Il prossimo fronte di crisi

TOMMASO ALESSANDRO DE FILIPPO: Dott. Torlizzi, la Cina detiene di fatto il monopolio dell’estrazione, della lavorazione e dello stoccaggio di materie prime e metalli, fattore che rende l’Europa dipendente da Pechino in questi mercati. Cosa dovrebbe fare per rendersi autonoma?

GIANCLAUDIO TORLIZZI: Gli spazi di manovra per l’Europa nel breve termine sono molto limitati, a causa della tempistica necessaria per acquisire una totale indipendenza nell’ambito minerario. I piani per raggiungere una simile autonomia sono pluriennali e necessitano di prospettiva politica ed economica, di cui l’Ue è sempre stata priva.
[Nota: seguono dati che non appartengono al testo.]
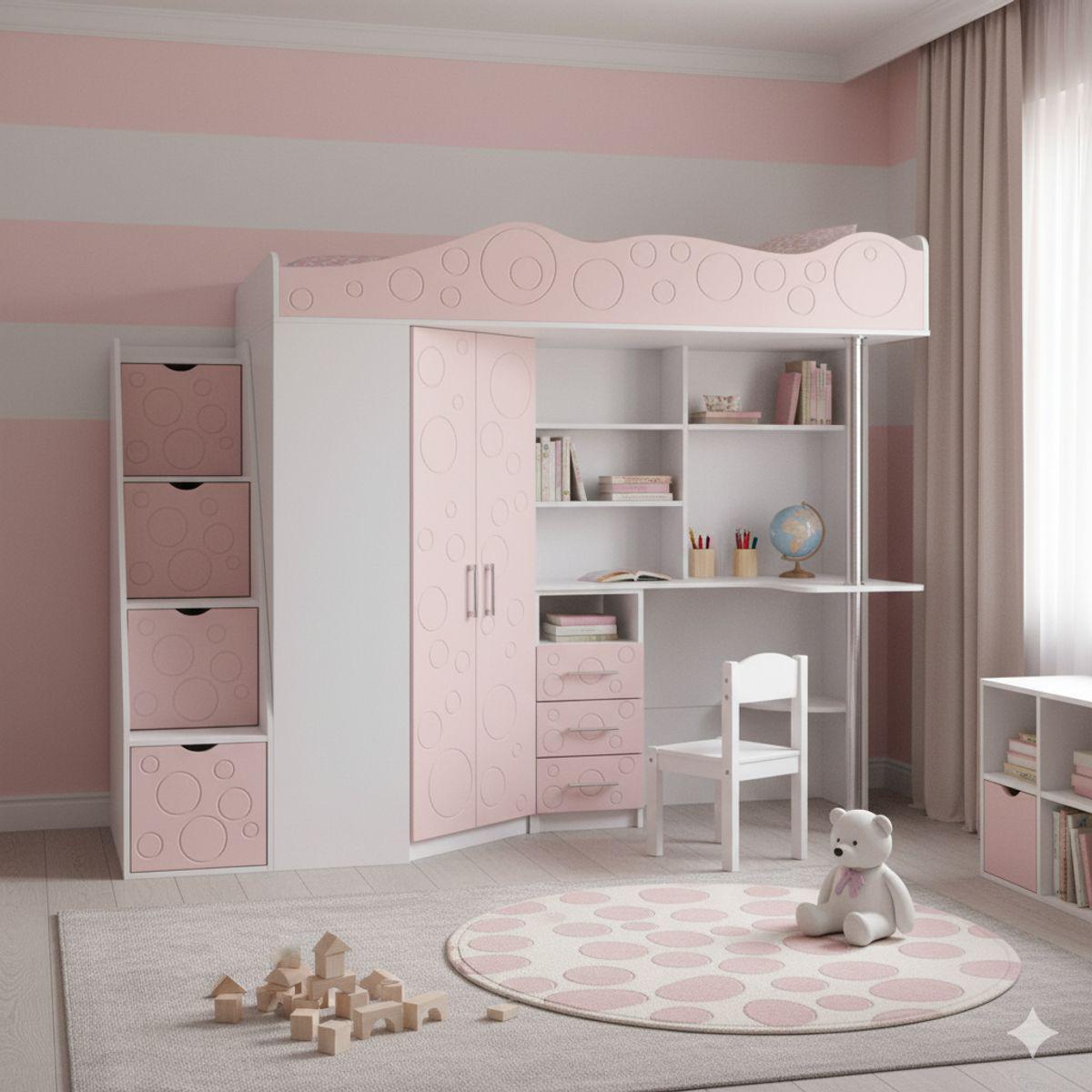 Кровать-чердак детский AiH Binky ДС37А левый с рабочей зоной/шкафом и ящиками 80х190 см Белый бриллиант/Розовый (BK01010022000)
Inoltre, il modo in cui è scoppiata la crisi energetica è una delle tante prove dell’incapacità europea di prevenire e, soprattutto, fronteggiare crisi e difficoltà.

Ad oggi, l’unico Paese che si sta attivando per provare ad operare in maniera autonoma nel settore è la Germania, probabilmente l’unica nazione ad aver compreso la “lezione” della crisi energetica, che sta stipulando accordi di fornitura con alcune importanti società di trading internazionali per l’approvvigionamento di metalli.
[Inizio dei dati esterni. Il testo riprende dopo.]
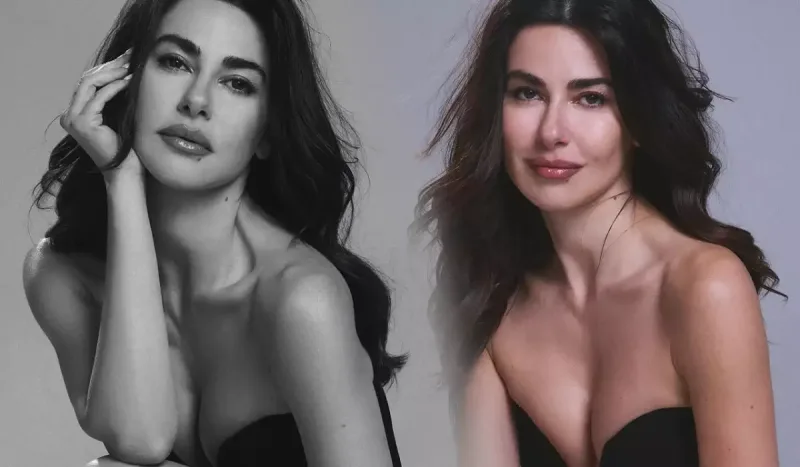 Nəsrin dekolteli qısa libasda pozalar verdi - Fotolar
L’Italia non sta affrontando la questione e questo rappresenterà un problema non di poco conto, dato che i metalli rappresenteranno il prossimo fronte di crisi europea negli anni futuri.
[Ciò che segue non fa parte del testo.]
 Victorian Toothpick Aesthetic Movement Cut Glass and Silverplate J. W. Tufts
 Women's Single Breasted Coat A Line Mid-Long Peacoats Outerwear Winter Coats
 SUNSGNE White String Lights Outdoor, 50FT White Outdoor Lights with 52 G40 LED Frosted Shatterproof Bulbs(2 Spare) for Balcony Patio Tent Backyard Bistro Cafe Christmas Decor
L’incompetenza sulle materie prime

TADF: Ritiene che a Bruxelles manchi ancora una reale consapevolezza del livello di controllo e predominio cinese in questo comparto? Leggerezza politica o una voluta accondiscendenza verso Pechino, nell’illusione che non si sarebbero mai più verificate crisi energetiche e geopolitiche?

GT: Non so se ci sia stato un “disegno” dietro le nostre scelte sbagliate, sicuramente però posso denunciare la totale incompetenza delle istituzioni europee nel capire e di conseguenza gestire il mercato delle materie prime.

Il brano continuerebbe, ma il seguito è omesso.